In the normal course of business the group and company is exposed to certain financial risks, principally foreign exchange risk, 
interest rate risk, liquidity risk and credit risk.

Foreign Exchange Risk
The group and company enters into forward foreign currency contracts to eliminate certain currency exposures that arise on 
purchase contracts denominated in foreign currencies.

Interest Rate Risk
The group’s and company’s exposure to interest rate risk arises on cash and short term deposits and is managed through the 
appropriate mix of fixed and floating rate interest rates. Cash deposits are placed for varying terms depending upon interest rates 
and yields based principally on LIBOR rates. Cash at bank yields interest based principally on LIBOR rates.

Liquidity Risk
In the normal course of business the group and company is exposed to liquidity risk. The objective is to ensure that sufficient 
resources are available to fund short term working capital and longer term strategic requirements. This is achieved through the 
use of an appropriate mix of short, medium and long term deposits and investments.

Credit Risk
Credit risk principally arises on cash deposits and trade receivables. The credit risk arising on cash deposits is limited because 
the counterparties are financial institutions with high credit ratings assigned by international credit rating agencies. The credit risk 
arising on trade receivables is spread over large numbers of customers. There are no significant concentrations of credit risk.

Sensitivity Analysis
There is not expected to be a material impact on reported results and the balance sheet relating to the above risks.

22.   Capital Risk Management
The capital structure of the group consists of cash and equity.
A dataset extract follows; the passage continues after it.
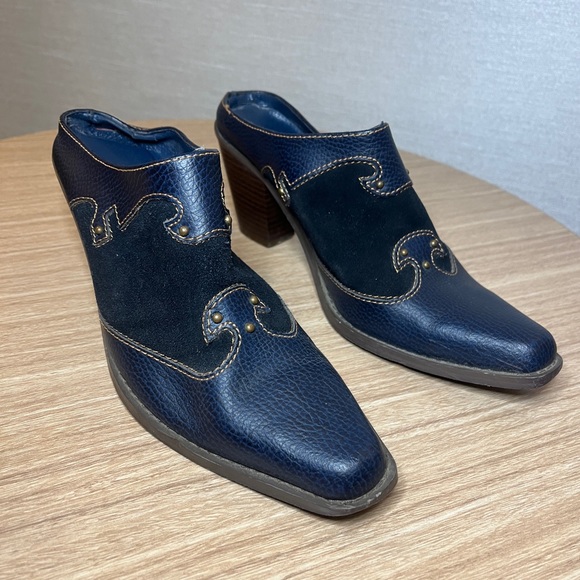 Navy Blue Vintage Western Mules! - Picture 2 of 3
The group’s objectives when managing capital are to safeguard the 
group’s ability to continue as a going concern in order to provide returns for shareholders and benefits for other stakeholders and 
to maintain an optimal capital structure to reduce the cost capital. In order to maintain the capital structure the group may adjust 
the amount of dividends paid to shareholders.

23.   Pension Commitments
Group and Company
Retirement Benefit Obligations
At 31 December 2013 H C Slingsby plc (“the Company”) operated pension schemes for the benefit of its employees. The 
schemes are provided through both defined benefit and defined contribution arrangements. This disclosure is concerned only 
with the defined benefit arrangement, the H C Slingsby plc Retirement Benefits Scheme (“the Scheme”). The liability associated 
with the Scheme is material to the Company. 
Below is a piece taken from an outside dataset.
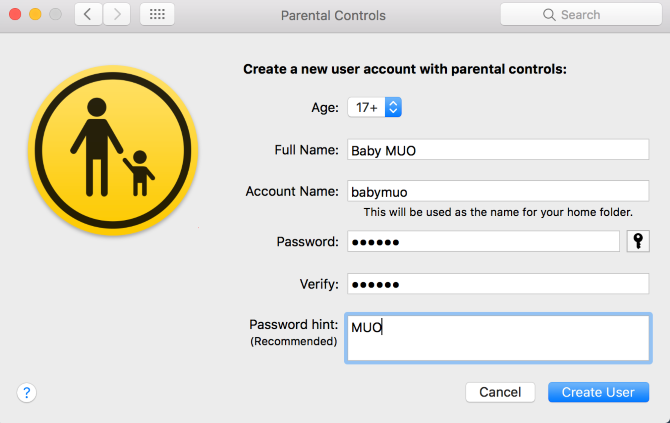 mac criar conta de controle parental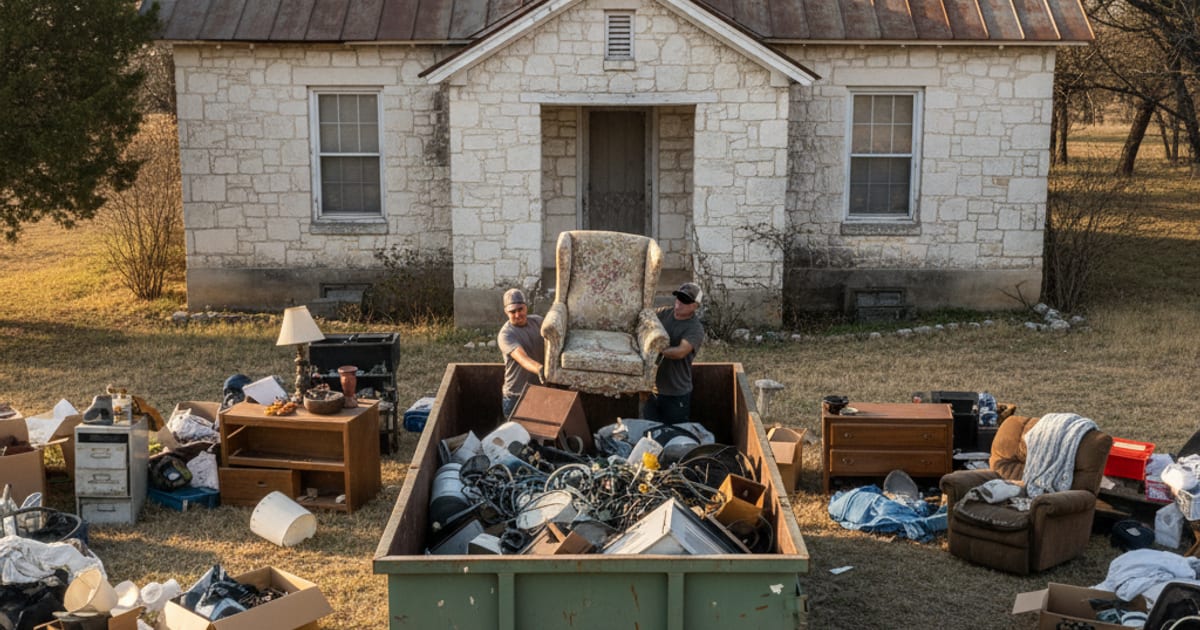 Estate cleanout in the Texas Hill Country with a roll-off dumpster on the lawn.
The Company’s objective is for the Scheme to target 100% funding on a basis that should ensure that benefits can be paid as 
they fall due. 

Any shortfall in the assets directly held by the Scheme, relative to its funding target, will be financed over a period that ensures 
the contributions are reasonably affordable to the Company. The expected contribution to the Scheme over the 2014 fiscal year is 
£540,000 (plus administration and other expenses). The defined benefit scheme was closed to new entrants in 2006 and to future 
accrual in 2009.

Nature of Scheme
The Scheme targets a pension paid throughout life. The amount of pension depends on how long employees are active members 
of the scheme and their salary when they leave the scheme (a “final salary” plan). The pension receives inflation-linked increases 
in the years before retirement. Once in payment, pensions either do not increase or increase in line with inflation or a fixed rate. 
The Scheme was closed to future accrual in 2009.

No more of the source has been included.